California’s Proposition 12 requires calves raised for veal and breeding sows must not be confined in a way that prevents them from lying down, standing up, fully extending their limbs, and turning around freely. Coming up Jan. 1, 2020, veal calves must - in every state selling to California - have 43 square feet of floor space per calf.
Two years later, on Jan. 1, 2022, all pork operations with breeding sows must have 24 square feet per sow. California’s Proposition 12 declares a meat processor cannot sell “whole veal meat” and “whole pork meat” if the calves and sows were not confined by the farmer pursuant to Proposition 12’s space requirements.
California is attempting to impose its requirements on the 49 other states “…to prevent animal cruelty by phasing out extreme methods of farm animal confinement, which also threaten the health and safety of California consumers, and increase the risk of foodborne illness and associated negative physical impacts on the State of California.”
A court request to block the law
As I mentioned in an earlier blog, the North American Meat Institute (NAMI) filed numerous affidavits to tell a California court the enormous impact California’s Proposition 12 will have on the farmer, consumer, and citizens of California. One declaration is submitted by Dr. Keith E. Belk. He is head of Department of Animal Sciences at Colorado State University. In his early career Dr. Belk was a buyer of fresh meat for Safeway. His resume should resonate well with the Los Angeles judge who will hear NAMI’s request to stop California on November 18, 2019.
California voters and officials believe their housing methods will help the wellbeing of the animal and make more-safe the meat it produces. But Dr. Belk destroys California’s case.
“Sow and veal housing systems mostly have been evaluated in the scientific literature for their impact on welfare parameters,” he states. “There does not exist a body of scientific research identifying a causal link between sow and veal housing system and food safety. The scientific evidence may, in fact, support improved food safety using existing conventional production systems.”
Dr. Belk cites The European Food Safety Authority (EFSA) which looks at the food safety aspects of different sow and veal systems. EFSA has stated “The data presently available do not allow a quantitative microbial food safety risk assessment or a food safety ranking of pig farming systems each of which has different implications for animal welfare.” As Dr. Belk succinctly states “…no credible scientific evidence supports an assertion that changing current confinement standards for veal calves or breeding pigs [sows] to comply with Proposition 12 would diminish the risk of foodborne illness from whole veal or pork meat or otherwise improve food safety.”
Another declaration filed in the U.S. District Court in California is by Brian Friesen.

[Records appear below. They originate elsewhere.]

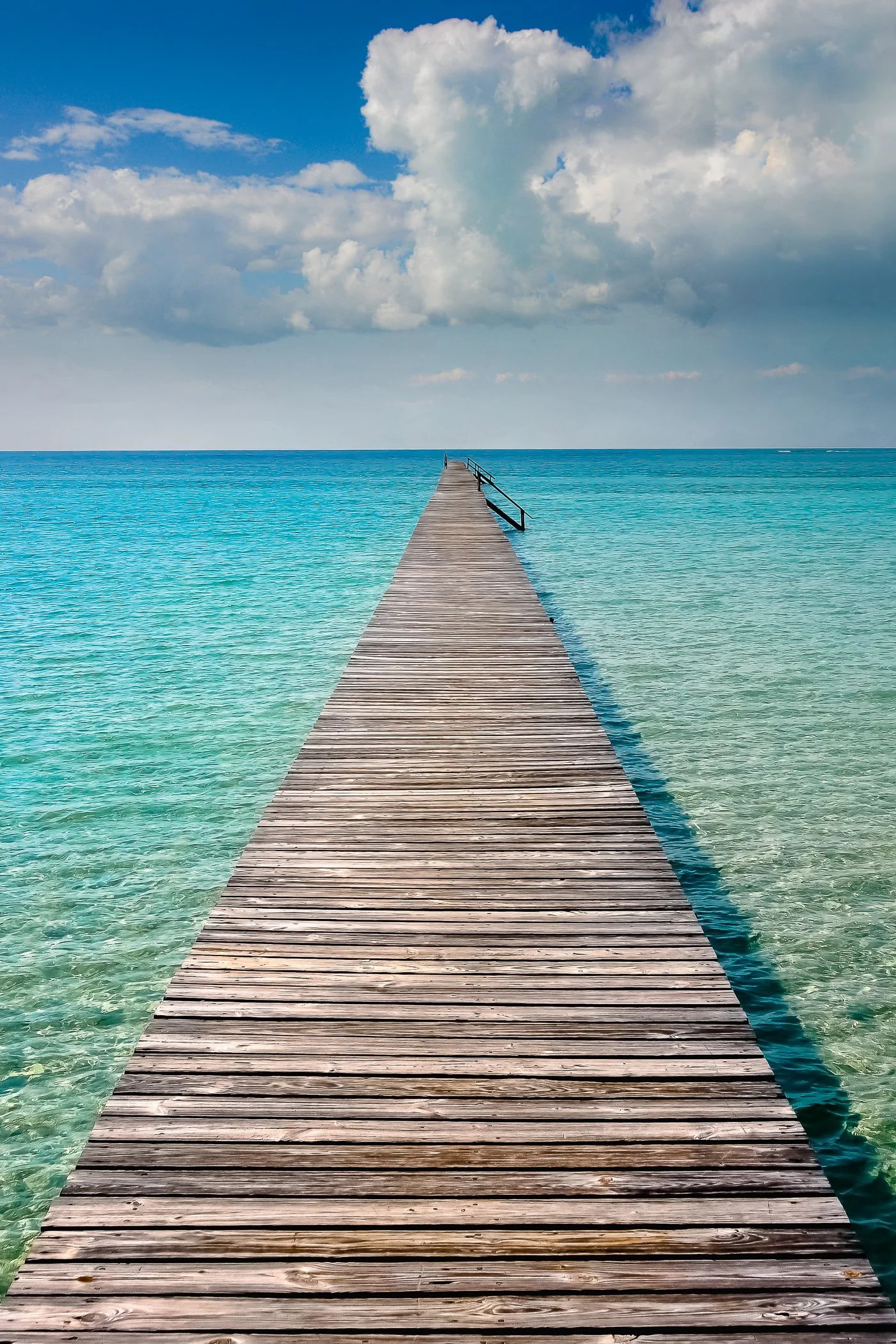EWH_2148_3-Edit-2-Edit-3.jpg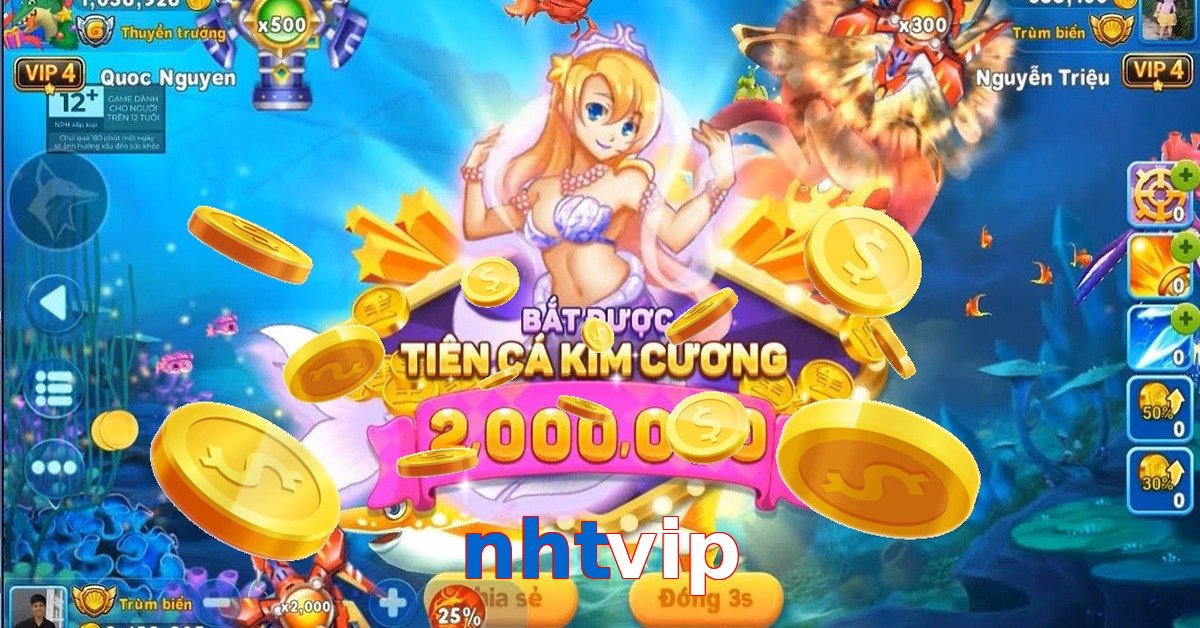 nhtvip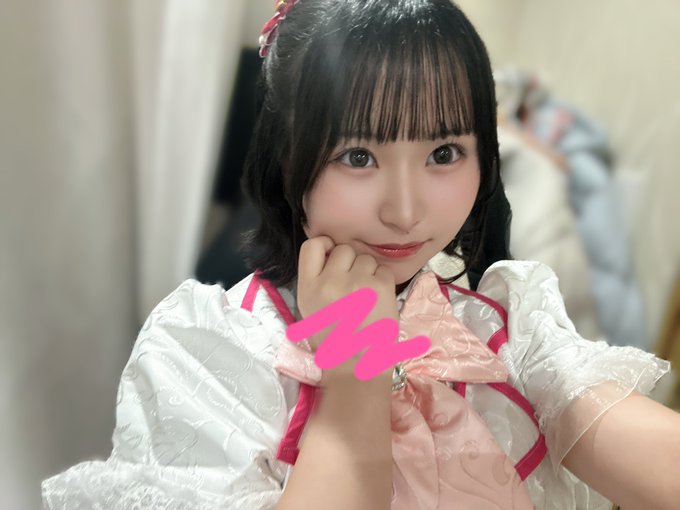 Twitterのコスプレ画像40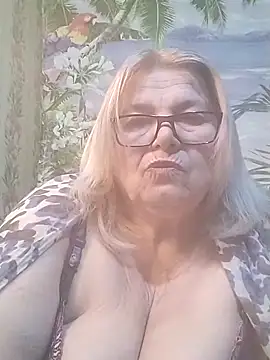 MargaritaSweet51 online show from 16, 1, 2026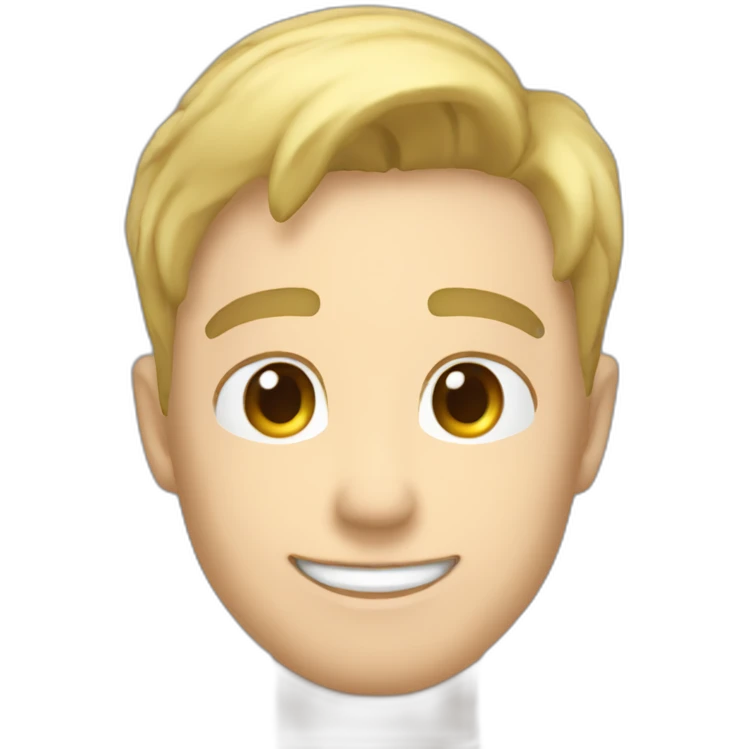 join discord.gg/YT \n JOIN discord.gg/YT emoji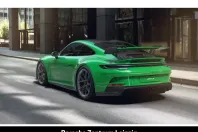 Porsche 992 din 2023 cu 7.592 km - oferta POR162276 - foto 3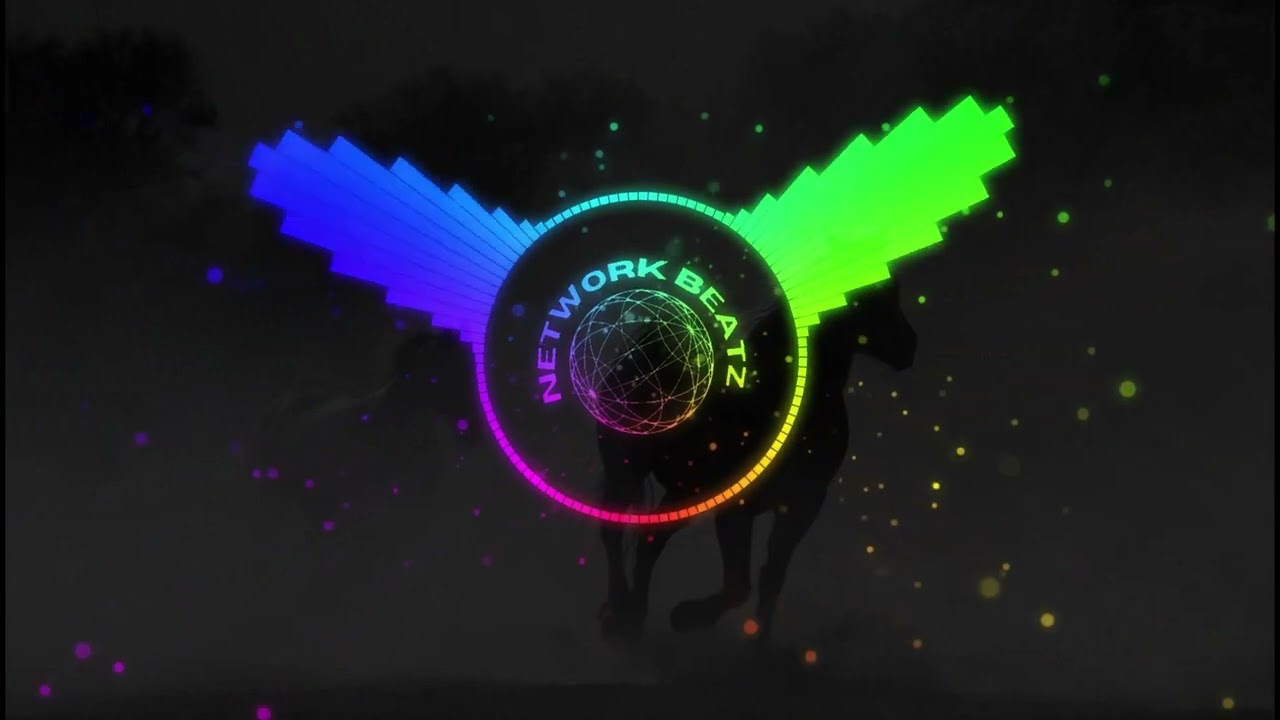 Markus Becker - Das rote Pferd (Network Beatz Remix)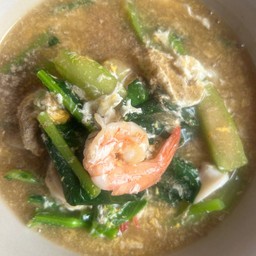 ตามสั่งพี่ดาว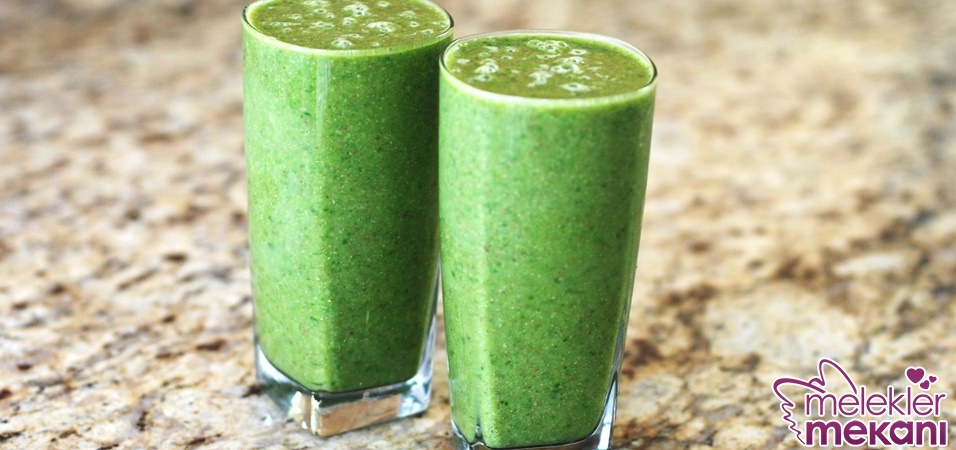 lahana suyu faydaları.jpg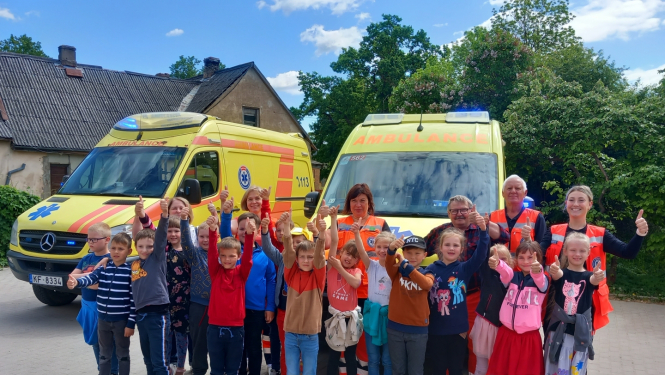 Pirmklasnieki_profesijas_1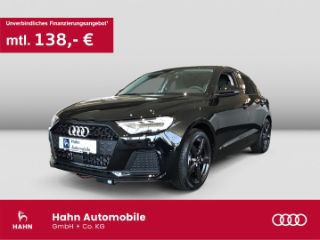 erstes Vorschaubild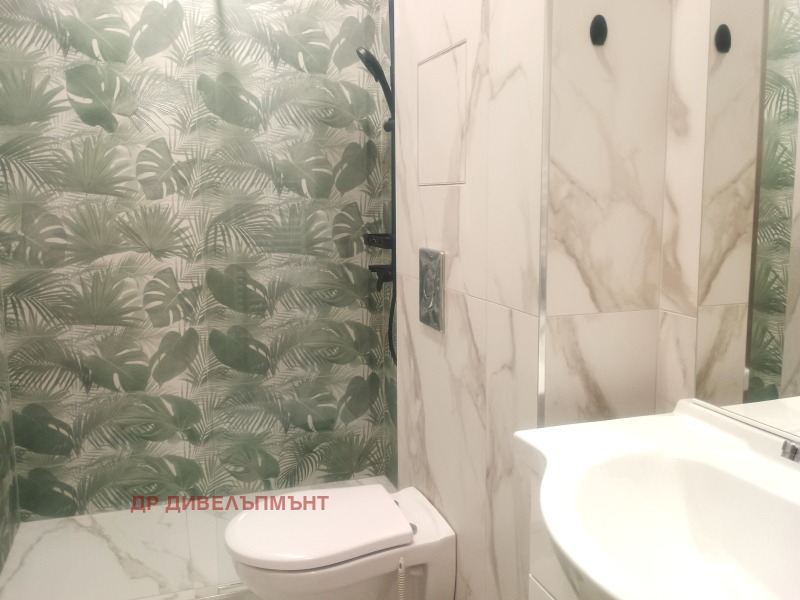 En venta  2 dormitorios Sofia , Ovcha kupel , 105 metros cuadrados | 57194781 - imagen [10]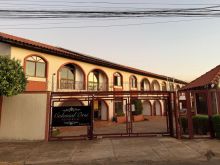 Sobrado espetacular no Giocondo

His declaration supports NAMI’s Motion for an Injunction to stop California’s Proposition 12. He claims his farms are one of the largest veal and lamb processors in the U.S. He sells approximately $20 million of veal into the California market annually. His declaration claims his farms have spent over $4 million in converting veal barns to comply with group housing recommendations. Friesen states his contract farmers are Amish and Mennonite. These farmers house their veal calves in a way that permits them to lie down, stand up, fully extend their limbs, and turn around freely. This is all done in a space of 18-20 square feet, not 43.
“As of January 1, 2020, Marcho [his] Farms will be forced to either abandon the California market or comply with Proposition 12 by substantially reducing its calf production in the near term and converting and constructing barns in the longer term,” he says.
He goes on to state the impact on his farms: “Marcho Farms would be forced to lay off a portion of its workforce to account for the decreased volume of product through its plant. And it would suffer reputational harm and loss of customer good will in California.”
The opinions of the author are not necessarily those of Farm Futures or Farm Progress.